While we all expect the budget battle to take center stage and rightfully dominate the last few weeks of session, we must not forget to address a few other items before we hit the road.
One critical subject that must be addressed is lawsuit reform.
For instance, we must not leave before passing Senate Bill 667 by Sen. Robert Adley (R-Benton), which is compromise legislation that will stimulate cleanup of properties impacted by oil and gas development over the years. This issue has been hotly debated for years in Louisiana and this bill helps fulfill the goals of previous legislative efforts in 2006 and 2012.
In Louisiana, we unfortunately have always put a higher priority on filing legacy lawsuits than implementing reasonable legacy cleanup plans. This is in stark contrast to our neighboring states that have taken the opposite approach.
A total of 360 legacy lawsuits have been filed in more than 40 parishes since 2001, according to the Louisiana Department of Natural Resources.
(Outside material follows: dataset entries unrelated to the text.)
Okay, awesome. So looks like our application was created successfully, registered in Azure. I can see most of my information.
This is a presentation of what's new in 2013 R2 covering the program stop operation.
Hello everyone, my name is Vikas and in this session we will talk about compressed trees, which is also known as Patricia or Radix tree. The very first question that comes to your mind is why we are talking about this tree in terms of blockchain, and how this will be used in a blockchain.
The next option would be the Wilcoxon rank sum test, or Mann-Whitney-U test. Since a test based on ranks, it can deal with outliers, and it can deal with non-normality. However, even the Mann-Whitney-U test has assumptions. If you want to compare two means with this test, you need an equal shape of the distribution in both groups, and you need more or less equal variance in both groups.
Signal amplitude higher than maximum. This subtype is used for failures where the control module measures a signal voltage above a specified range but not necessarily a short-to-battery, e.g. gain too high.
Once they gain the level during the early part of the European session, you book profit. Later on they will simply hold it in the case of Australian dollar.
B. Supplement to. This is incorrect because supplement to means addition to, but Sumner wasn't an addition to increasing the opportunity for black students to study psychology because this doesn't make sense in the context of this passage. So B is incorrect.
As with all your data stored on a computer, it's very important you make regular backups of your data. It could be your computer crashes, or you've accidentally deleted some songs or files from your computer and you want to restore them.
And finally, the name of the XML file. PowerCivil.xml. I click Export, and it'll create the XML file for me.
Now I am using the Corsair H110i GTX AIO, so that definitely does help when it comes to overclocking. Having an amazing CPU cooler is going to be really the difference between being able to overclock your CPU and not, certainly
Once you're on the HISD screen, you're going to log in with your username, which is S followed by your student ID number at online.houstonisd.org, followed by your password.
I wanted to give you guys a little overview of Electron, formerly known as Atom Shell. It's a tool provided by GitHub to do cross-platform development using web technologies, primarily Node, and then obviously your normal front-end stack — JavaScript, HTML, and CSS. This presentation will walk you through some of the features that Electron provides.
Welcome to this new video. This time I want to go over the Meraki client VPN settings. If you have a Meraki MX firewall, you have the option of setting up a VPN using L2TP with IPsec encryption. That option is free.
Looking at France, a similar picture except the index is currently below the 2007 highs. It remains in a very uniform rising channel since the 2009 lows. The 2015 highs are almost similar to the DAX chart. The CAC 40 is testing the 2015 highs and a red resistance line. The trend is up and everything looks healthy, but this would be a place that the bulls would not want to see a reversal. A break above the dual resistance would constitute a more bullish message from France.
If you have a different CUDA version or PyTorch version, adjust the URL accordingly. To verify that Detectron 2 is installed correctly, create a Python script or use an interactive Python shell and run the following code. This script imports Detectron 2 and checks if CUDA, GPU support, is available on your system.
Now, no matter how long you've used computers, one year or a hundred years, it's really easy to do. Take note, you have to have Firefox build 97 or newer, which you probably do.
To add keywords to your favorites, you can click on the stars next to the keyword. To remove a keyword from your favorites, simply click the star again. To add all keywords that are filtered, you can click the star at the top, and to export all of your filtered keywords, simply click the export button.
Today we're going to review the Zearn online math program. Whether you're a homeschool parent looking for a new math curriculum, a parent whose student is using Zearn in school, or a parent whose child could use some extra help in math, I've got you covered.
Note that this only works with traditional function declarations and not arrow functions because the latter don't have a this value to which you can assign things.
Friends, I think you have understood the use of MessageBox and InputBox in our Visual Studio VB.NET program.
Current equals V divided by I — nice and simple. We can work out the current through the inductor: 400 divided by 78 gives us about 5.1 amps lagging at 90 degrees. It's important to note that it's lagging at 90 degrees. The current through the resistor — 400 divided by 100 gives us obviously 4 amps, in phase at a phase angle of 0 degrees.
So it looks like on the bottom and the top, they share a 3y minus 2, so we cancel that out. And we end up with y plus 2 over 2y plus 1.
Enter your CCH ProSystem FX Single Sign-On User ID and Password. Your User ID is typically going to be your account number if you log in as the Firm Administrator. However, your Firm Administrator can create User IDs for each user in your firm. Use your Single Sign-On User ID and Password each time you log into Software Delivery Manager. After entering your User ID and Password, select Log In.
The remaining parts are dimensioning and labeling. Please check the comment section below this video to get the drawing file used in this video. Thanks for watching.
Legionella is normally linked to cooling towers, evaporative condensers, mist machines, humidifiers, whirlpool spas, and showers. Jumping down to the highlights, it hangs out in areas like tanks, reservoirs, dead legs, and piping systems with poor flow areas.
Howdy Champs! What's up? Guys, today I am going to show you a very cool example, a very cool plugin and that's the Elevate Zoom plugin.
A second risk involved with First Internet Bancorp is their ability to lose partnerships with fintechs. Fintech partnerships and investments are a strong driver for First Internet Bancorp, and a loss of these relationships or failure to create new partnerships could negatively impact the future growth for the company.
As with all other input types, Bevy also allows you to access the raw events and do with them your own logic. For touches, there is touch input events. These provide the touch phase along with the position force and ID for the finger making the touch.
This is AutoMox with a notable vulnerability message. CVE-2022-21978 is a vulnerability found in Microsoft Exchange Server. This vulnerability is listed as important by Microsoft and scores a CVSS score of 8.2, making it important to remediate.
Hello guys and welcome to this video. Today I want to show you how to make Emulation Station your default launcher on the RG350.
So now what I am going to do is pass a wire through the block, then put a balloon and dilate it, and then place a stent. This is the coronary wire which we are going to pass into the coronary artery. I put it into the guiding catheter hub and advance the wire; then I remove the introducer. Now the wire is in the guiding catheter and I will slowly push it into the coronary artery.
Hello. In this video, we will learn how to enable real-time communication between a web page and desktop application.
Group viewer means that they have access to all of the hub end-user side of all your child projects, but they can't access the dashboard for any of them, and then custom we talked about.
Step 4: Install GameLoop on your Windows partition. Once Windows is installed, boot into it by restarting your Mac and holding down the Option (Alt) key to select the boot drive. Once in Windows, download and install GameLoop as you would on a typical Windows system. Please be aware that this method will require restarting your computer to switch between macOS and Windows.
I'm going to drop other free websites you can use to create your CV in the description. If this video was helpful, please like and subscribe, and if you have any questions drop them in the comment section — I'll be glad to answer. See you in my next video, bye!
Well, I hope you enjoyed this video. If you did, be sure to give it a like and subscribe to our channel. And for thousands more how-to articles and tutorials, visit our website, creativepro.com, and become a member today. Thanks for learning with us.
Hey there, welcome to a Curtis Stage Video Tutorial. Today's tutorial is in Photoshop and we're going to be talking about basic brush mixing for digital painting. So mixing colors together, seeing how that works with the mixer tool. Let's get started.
Other states aren’t even familiar with the term “legacy lawsuit.”
A 2012 Louisiana State University study noted that our legacy lawsuits led to the loss of 1,200 new wells, $6.8 billion in drilling investments, 30,000 job opportunities, and more than $10 billion in Louisiana economic output. If these economic impacts are not enough motivation to pass this legislation, then the additional benefit of speeding up the remediation of these sites in a responsible way should help seal the deal.
A second proposal to address lawsuit reform is Senate Bill 469, a proposal by Sen. Bret Allain (R-Franklin), which would prohibit a governmental entity, except those that have authority under the Coastal Zone Management Act, from filing a suit based on activities regulated by the state or federal coastal use permits. Current law authorizes the Secretary of the Department of Natural Resources, the Attorney General, certain district attorneys, and local government to bring certain actions to ensure that only permitted activities are conducted in the coastal zone.
This legislation will reaffirm this language while specifying that any other state and local entities are prohibited from bringing a cause of action from activity regulated by state or federal coastal use permits.
The bill also specifies that money received by state or local government for violations and enforcement of the Coastal Zone Management Act must be used for “improving the resiliency of the coastal area.”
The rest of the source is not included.